On Tuesday, many residents voiced grief and trauma infused with a sense of anger that the accused gunman, a local resident who had previously drawn the attention of the authorities, was still able to buy and use a high-powered gun, according to prosecutors. The accused, Robert E. Crimo III, faces 117 criminal charges, including murder, and has pleaded not guilty.
Long before the massacre, Highland Park, an affluent and politically liberal lakefront city of about 30,000 people, was a center of a national push for stricter gun laws. The city passed a municipal ban on certain high-powered rifles that led to a legal fight.
After the killings last year, local officials pushed the Democrats in control of state government in Illinois to tighten the state’s gun laws, which were already among the country’s most restrictive. In January, Gov. J.B. Pritzker signed a law banning the sale of many high-powered rifles, which gun rights supporters have challenged in court. Mayor Rotering, a Democrat, has called for a national ban on such weapons.

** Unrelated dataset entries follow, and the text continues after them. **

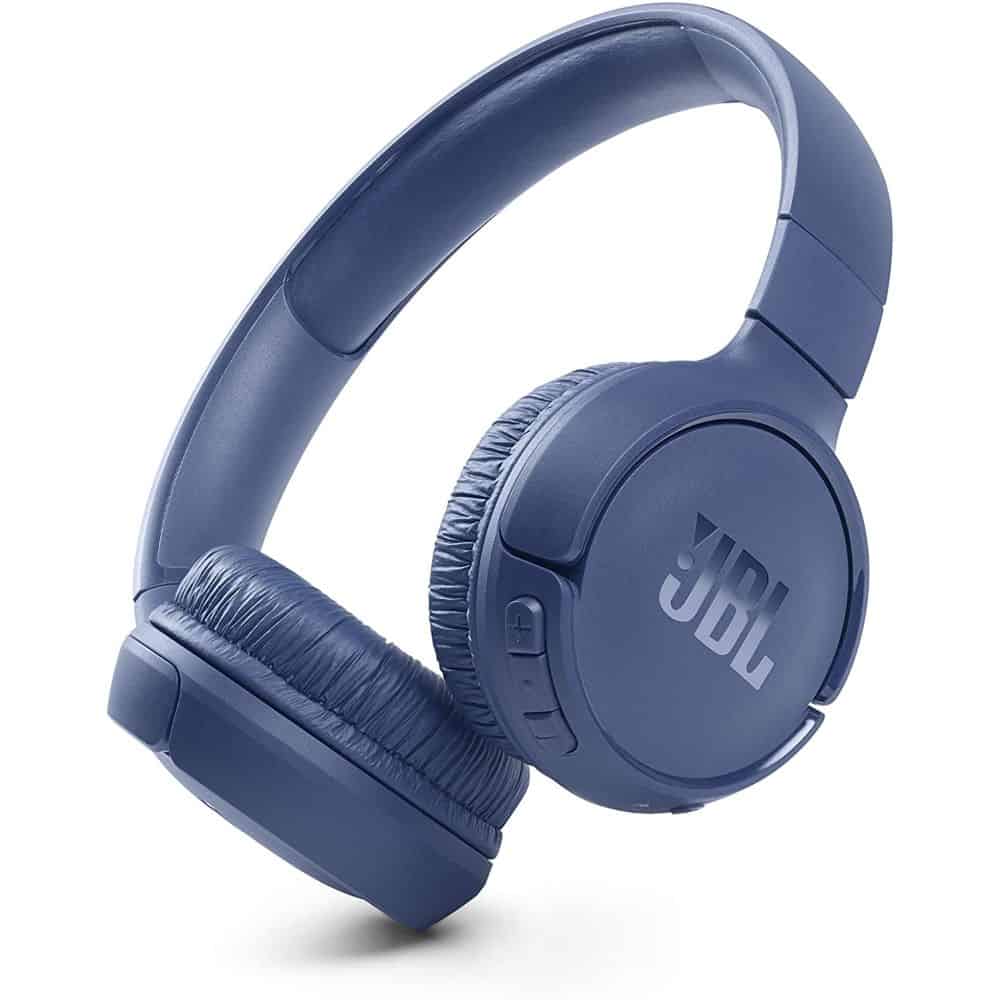 JBL Tune 510BT: Wireless On-Ear Headphones Blue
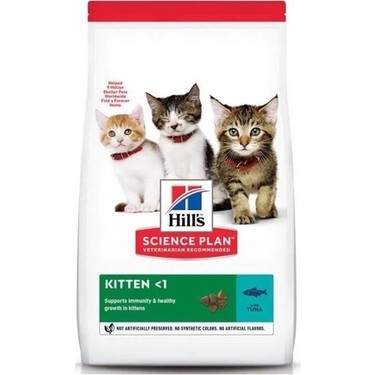 Hill's science plan ton balıklı yavru kedi maması 7kg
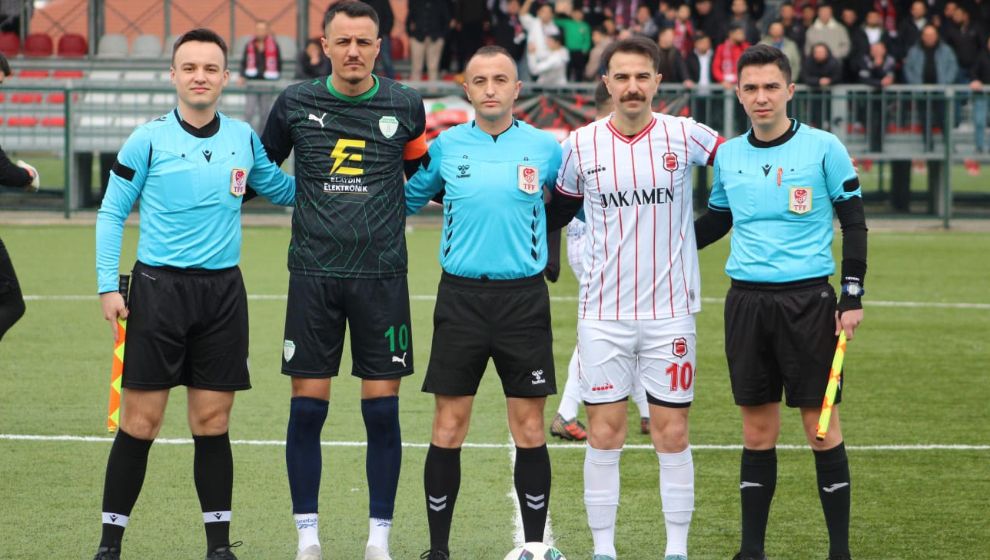 Göynük İdman Yurdu Direndi, Ama Sebenspor Zirveyi Bırakmadı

“Somebody with a legally obtained weapon can choose to end a broad swath of a community’s life,” she said. “That to me is a human rights violation.”

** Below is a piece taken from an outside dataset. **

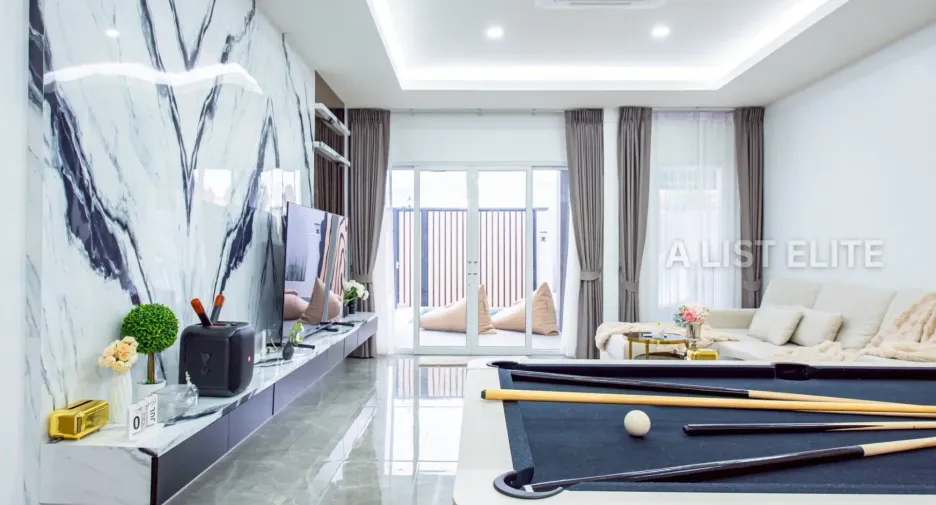 For rent 4 bedrooms house in Bang Lamung, Chonburi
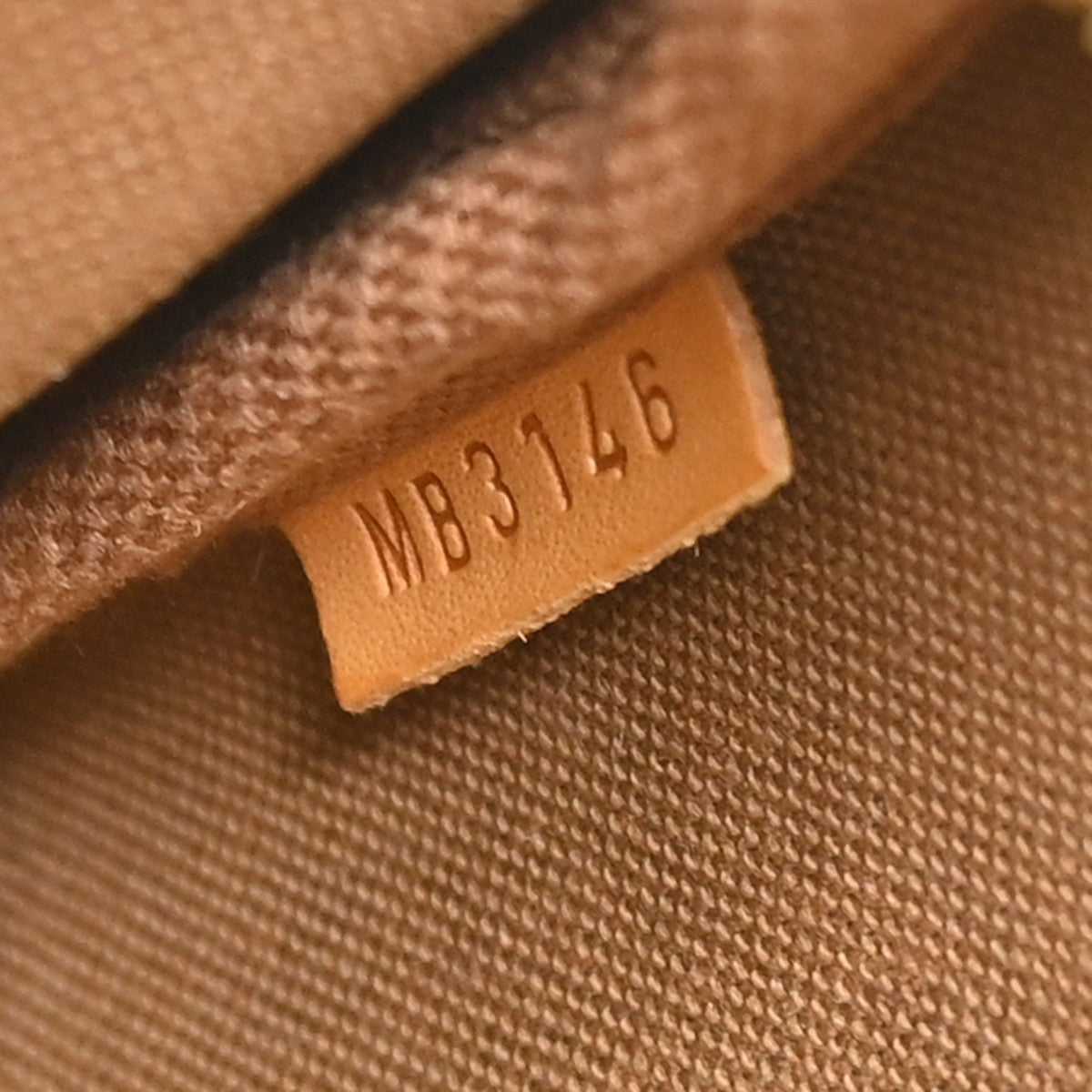 Louis Vuitton Eva Monogram Canvas, Brown, Canvas, Handbag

Many residents wore shirts on Tuesday morning calling for stricter gun laws, and some held a demonstration in Highland Park in the afternoon.
Last year, Dani Cohn, a Highland Park native, was sitting in a lawn chair outside a pancake house with family members, including Jacquelyn Sundheim, when the gunfire started.

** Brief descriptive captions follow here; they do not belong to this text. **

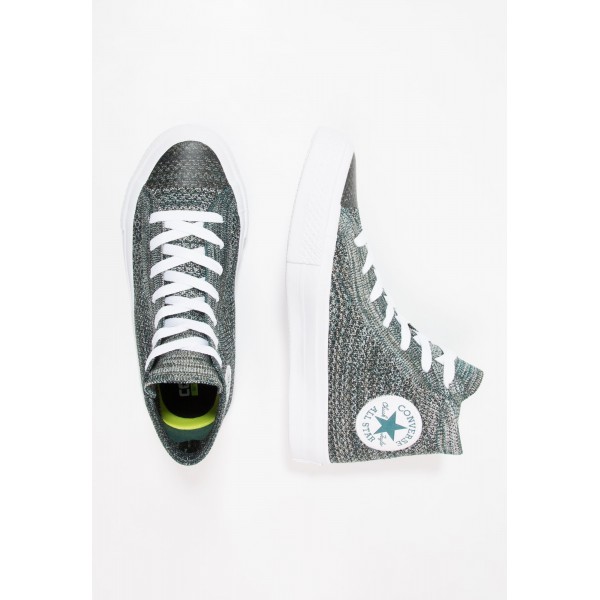 Damen / Herren Converse CHUCK TAYLOR FLYKNIT HI - Trainingsschuhe Hoch - Multicolor/Dunkel Atomic Knickentenblau/Teal Blau/Schwarz/Weiß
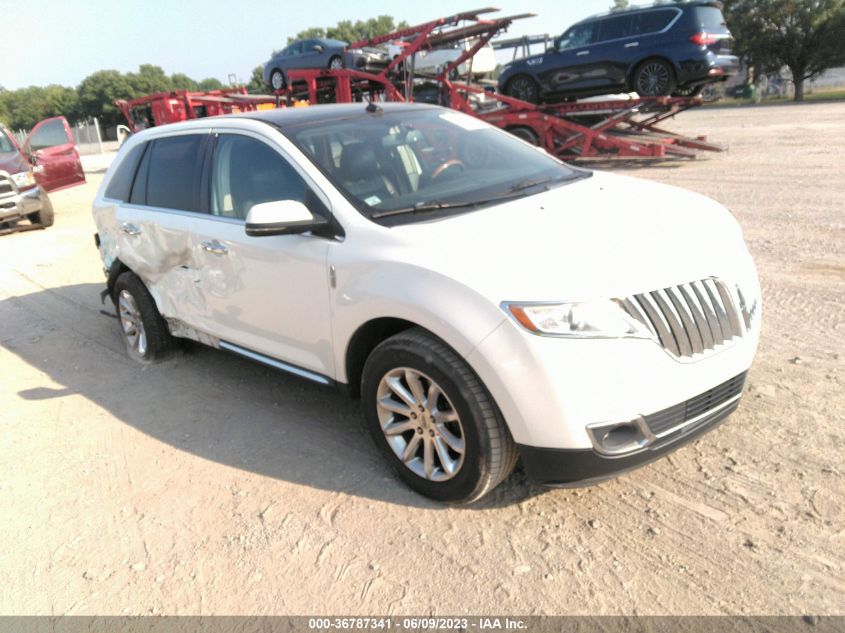 2013 LINCOLN MKX - 2LMDJ6JK8DBL09690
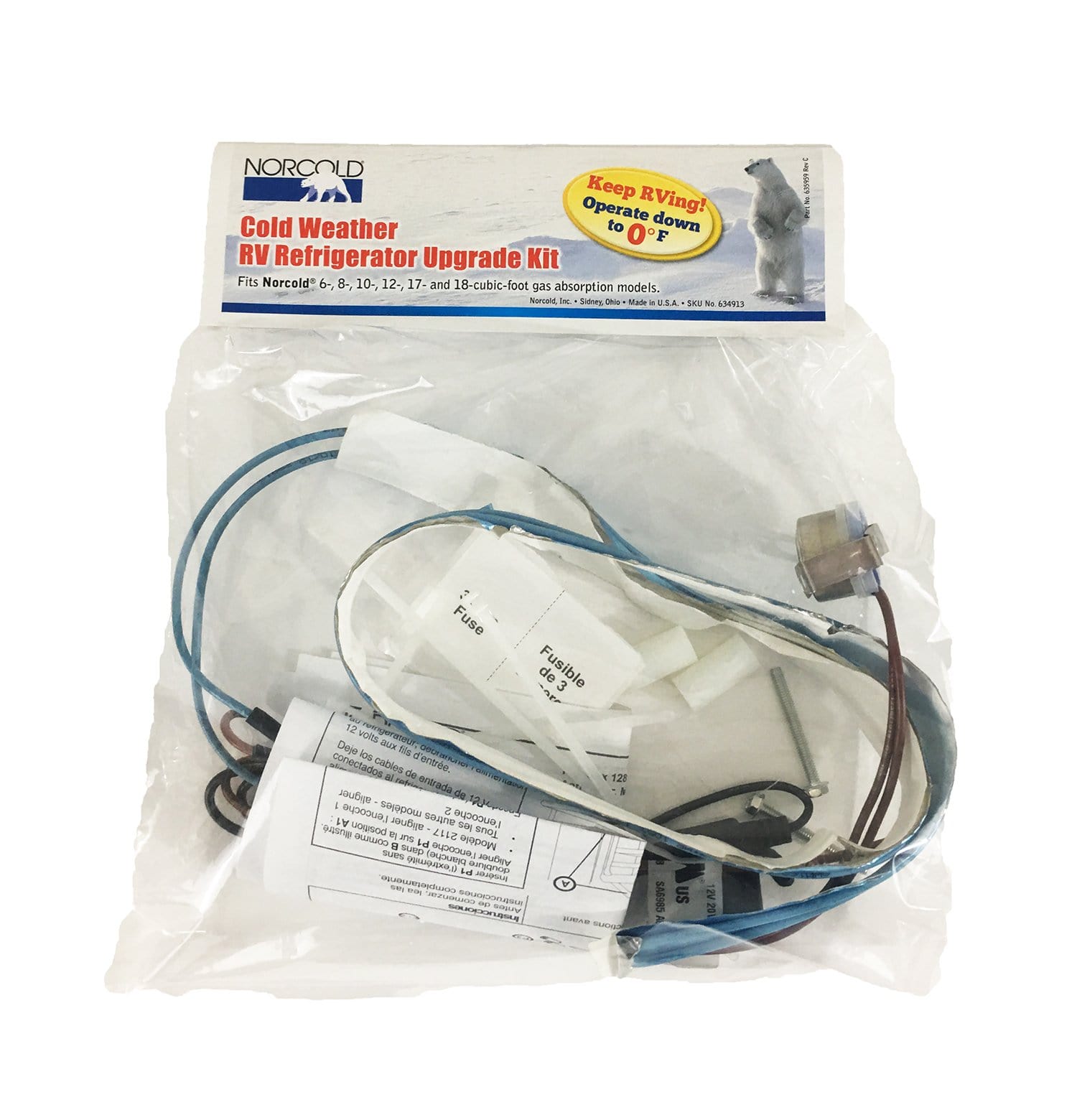 Norcold Thermistors for Sale! - RV Fridge Guys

Though Ms. Cohn escaped physical injury, Ms. Sundheim, who was known as Jacki and who coordinated events at a local synagogue, was killed. Ms. Cohn recalled performing CPR and grabbing supplies from an ambulance in an attempt to save her life.
Ms. Cohn said it was important for her to be at the commemorations on Tuesday and to attend the protest calling for stricter gun laws, which her sibling, Lexi, organized.
“I am just kind of meeting myself where I’m at,” Dani Cohn said. “I don’t want to remember the Fourth of July as just being this tragedy. I want to remember and take action. Do something.”
As July 4 approached this year, city officials decided it was too soon to hold a parade again, but also important to gather. In addition to somber morning events, the city scheduled a drone show and a concert for the evening, giving residents a chance to celebrate the holiday without the noise of fireworks, which still sets many residents on edge.
Ghida Neukirch, the city manager, said residents of Highland Park did not want their city to be defined by the tragedy. But in planning for the holiday, officials had to take stock of the trauma people still carry, especially in large crowds.
“I was at my daughter’s graduation,” Ms. Neukirch said, “and I’m thinking about, how will I escape here? And how can I protect my family if a shooter starts shooting among this crowd?”
For some who lost loved ones, the shooting profoundly reshaped how they thought about Highland Park. As children, Jon and Peter Straus sometimes attended the parade with their father, Stephen Straus. He was among those killed last July 4.
The elder Mr. Straus, who at age 88 still commuted by train to his job as a financial adviser in downtown Chicago, was a familiar face in Highland Park, where he took long walks around town.
“We were with him the night before he died, and he told me he was going to the parade, and it didn’t surprise me,” Jon Straus said in a recent interview. “He just liked to be out and about. He liked to be where the action was.”
The Straus family is one of several who have sued a gun manufacturer over the shooting, claiming that irresponsible marketing of the high-powered rifle used that day helped lead to the tragedy. The violence also changed the brothers’ relationship with their hometown. A few weeks ago, the family sold their childhood home.